(Data records)

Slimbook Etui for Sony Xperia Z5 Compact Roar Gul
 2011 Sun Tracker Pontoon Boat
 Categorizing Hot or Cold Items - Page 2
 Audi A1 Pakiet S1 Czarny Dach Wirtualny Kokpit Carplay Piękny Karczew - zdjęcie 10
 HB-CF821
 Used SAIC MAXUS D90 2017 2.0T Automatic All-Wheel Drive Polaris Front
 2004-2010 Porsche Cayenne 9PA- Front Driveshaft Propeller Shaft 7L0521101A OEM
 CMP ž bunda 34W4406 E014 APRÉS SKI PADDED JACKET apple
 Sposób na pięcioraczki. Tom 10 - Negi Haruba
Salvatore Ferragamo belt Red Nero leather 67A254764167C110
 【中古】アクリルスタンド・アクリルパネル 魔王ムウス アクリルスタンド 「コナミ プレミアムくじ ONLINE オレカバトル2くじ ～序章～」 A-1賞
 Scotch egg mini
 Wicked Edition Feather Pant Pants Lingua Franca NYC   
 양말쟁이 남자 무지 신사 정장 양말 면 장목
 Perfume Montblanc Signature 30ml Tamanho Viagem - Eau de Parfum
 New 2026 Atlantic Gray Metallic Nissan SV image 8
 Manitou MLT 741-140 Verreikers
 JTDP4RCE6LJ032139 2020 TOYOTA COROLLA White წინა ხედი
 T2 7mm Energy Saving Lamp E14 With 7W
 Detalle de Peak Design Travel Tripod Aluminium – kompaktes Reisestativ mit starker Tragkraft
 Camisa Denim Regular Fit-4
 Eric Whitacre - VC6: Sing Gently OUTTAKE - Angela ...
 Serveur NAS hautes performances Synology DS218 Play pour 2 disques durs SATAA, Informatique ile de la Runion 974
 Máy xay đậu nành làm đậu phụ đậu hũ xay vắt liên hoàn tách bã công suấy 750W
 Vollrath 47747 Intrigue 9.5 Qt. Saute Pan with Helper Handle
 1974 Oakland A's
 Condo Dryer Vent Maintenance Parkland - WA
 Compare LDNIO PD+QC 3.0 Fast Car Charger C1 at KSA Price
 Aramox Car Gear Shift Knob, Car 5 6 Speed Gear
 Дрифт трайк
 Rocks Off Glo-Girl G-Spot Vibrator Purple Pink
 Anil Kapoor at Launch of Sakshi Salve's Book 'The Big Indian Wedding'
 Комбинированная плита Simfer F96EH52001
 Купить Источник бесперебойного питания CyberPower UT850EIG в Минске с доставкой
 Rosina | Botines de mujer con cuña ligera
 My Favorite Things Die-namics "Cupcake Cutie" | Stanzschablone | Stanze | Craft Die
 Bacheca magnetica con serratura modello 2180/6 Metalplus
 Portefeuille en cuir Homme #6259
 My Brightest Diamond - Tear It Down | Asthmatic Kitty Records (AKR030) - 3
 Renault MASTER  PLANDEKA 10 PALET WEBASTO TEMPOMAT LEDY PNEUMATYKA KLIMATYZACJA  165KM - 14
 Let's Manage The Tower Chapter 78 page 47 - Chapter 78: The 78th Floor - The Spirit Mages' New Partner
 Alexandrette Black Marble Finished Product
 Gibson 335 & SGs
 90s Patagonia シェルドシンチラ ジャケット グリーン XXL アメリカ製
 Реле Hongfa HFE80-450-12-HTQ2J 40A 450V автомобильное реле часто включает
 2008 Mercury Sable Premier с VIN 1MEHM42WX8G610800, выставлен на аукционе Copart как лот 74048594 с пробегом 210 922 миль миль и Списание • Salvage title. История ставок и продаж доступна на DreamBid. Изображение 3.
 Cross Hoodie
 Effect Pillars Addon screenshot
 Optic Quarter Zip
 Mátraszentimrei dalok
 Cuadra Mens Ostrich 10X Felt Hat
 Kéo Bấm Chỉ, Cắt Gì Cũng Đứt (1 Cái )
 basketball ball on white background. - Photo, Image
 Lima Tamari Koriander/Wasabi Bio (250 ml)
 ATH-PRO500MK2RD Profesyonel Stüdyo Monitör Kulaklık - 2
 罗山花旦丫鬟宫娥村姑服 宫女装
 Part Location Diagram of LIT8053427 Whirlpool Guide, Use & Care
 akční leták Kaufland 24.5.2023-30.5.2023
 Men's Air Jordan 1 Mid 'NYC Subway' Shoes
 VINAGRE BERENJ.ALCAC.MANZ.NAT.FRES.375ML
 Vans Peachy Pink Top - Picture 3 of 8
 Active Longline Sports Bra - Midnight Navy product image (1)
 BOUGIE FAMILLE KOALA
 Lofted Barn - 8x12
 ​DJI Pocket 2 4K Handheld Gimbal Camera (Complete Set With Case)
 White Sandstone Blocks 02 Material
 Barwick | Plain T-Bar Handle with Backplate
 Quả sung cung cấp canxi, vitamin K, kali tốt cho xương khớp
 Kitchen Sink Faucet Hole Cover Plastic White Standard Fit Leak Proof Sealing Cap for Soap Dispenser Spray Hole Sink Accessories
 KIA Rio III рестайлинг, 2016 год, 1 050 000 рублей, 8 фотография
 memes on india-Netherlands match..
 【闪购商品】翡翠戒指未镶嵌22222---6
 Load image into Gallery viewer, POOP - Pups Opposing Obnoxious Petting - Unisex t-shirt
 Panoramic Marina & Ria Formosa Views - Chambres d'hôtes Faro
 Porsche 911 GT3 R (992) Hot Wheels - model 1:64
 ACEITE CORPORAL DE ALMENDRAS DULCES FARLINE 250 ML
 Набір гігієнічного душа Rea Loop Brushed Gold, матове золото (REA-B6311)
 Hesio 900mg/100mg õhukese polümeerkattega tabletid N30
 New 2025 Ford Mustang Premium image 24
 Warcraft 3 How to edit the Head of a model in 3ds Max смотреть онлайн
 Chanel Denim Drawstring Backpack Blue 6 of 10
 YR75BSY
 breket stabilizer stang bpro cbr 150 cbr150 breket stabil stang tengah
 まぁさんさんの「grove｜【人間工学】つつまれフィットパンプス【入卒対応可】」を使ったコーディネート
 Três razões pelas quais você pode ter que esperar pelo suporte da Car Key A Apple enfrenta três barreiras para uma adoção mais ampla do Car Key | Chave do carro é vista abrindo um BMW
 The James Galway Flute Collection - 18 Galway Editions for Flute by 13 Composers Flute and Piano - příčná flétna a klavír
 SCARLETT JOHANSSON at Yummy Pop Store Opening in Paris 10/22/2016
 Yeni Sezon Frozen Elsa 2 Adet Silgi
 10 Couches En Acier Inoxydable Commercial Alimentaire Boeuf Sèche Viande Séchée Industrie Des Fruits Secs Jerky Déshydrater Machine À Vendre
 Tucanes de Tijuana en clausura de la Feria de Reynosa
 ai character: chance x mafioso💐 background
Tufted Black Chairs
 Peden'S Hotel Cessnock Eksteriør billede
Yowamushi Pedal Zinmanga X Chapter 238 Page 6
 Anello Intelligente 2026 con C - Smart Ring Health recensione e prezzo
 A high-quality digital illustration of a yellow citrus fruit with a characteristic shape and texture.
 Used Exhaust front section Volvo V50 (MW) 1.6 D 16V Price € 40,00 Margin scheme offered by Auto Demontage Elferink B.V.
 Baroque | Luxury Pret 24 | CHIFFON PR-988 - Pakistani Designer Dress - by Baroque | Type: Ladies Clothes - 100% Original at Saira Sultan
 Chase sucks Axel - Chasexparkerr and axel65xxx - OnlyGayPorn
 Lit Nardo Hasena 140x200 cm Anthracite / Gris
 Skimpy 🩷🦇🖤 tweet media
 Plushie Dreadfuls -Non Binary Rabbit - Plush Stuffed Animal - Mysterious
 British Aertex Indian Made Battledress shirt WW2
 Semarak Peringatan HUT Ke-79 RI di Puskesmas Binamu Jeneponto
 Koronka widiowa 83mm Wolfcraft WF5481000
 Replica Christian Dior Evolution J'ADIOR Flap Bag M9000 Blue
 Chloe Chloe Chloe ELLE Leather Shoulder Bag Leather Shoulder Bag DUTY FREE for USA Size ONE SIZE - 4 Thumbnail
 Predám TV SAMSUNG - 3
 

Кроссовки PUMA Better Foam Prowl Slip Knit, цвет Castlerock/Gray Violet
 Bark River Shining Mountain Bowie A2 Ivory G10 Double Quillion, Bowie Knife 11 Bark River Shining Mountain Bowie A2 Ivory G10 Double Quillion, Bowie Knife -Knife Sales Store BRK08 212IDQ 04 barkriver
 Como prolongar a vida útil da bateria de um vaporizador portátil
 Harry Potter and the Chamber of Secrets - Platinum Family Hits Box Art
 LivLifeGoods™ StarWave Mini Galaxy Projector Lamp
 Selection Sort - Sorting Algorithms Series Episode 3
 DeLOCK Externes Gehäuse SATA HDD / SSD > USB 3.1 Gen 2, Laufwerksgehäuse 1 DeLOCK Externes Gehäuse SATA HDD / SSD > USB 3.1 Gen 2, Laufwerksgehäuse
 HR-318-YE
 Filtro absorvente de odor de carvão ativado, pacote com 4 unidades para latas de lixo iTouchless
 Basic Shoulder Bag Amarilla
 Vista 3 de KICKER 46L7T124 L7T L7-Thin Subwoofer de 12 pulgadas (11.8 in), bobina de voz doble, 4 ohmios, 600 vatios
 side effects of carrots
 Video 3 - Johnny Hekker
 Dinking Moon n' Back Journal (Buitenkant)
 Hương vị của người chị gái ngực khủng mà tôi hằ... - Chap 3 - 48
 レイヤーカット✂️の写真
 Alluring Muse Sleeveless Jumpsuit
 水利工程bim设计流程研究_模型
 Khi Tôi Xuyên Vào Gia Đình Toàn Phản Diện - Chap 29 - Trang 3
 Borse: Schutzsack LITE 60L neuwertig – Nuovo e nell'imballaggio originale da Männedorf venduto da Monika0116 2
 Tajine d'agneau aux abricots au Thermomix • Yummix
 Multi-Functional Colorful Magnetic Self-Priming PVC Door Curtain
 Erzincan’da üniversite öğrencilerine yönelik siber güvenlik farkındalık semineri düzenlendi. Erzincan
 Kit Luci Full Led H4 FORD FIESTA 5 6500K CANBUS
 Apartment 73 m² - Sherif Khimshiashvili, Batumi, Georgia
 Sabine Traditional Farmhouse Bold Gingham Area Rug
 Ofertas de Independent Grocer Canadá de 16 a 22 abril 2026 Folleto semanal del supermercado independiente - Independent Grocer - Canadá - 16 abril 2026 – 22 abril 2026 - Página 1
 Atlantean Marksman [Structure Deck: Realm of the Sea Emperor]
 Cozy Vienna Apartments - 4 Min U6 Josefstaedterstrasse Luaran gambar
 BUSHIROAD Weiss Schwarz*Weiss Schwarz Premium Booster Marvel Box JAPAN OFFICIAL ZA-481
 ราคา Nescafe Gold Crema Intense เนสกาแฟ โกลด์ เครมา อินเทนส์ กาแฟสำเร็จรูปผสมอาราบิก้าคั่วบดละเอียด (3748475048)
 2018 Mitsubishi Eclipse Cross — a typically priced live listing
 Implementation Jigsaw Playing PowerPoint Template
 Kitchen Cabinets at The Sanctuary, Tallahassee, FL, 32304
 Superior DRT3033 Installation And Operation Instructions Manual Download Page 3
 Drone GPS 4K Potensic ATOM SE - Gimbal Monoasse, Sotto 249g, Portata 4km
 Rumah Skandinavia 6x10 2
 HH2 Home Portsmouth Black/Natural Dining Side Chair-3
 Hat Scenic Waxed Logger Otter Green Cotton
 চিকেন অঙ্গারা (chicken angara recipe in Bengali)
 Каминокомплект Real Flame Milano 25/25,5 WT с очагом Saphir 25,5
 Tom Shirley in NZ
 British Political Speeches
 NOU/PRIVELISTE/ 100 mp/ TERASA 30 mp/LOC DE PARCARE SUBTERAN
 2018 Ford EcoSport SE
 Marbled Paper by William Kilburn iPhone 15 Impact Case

- [What to do] Each line in the entries above, starting at the line with "The James Galway" and ending at the line with "Yeni Sezon Frozen Elsa 2 Adet Silgi", is to be printed exactly, and only those lines.

- [Reply]
 The James Galway Flute Collection - 18 Galway Editions for Flute by 13 Composers Flute and Piano - příčná flétna a klavír
 SCARLETT JOHANSSON at Yummy Pop Store Opening in Paris 10/22/2016
 Yeni Sezon Frozen Elsa 2 Adet Silgi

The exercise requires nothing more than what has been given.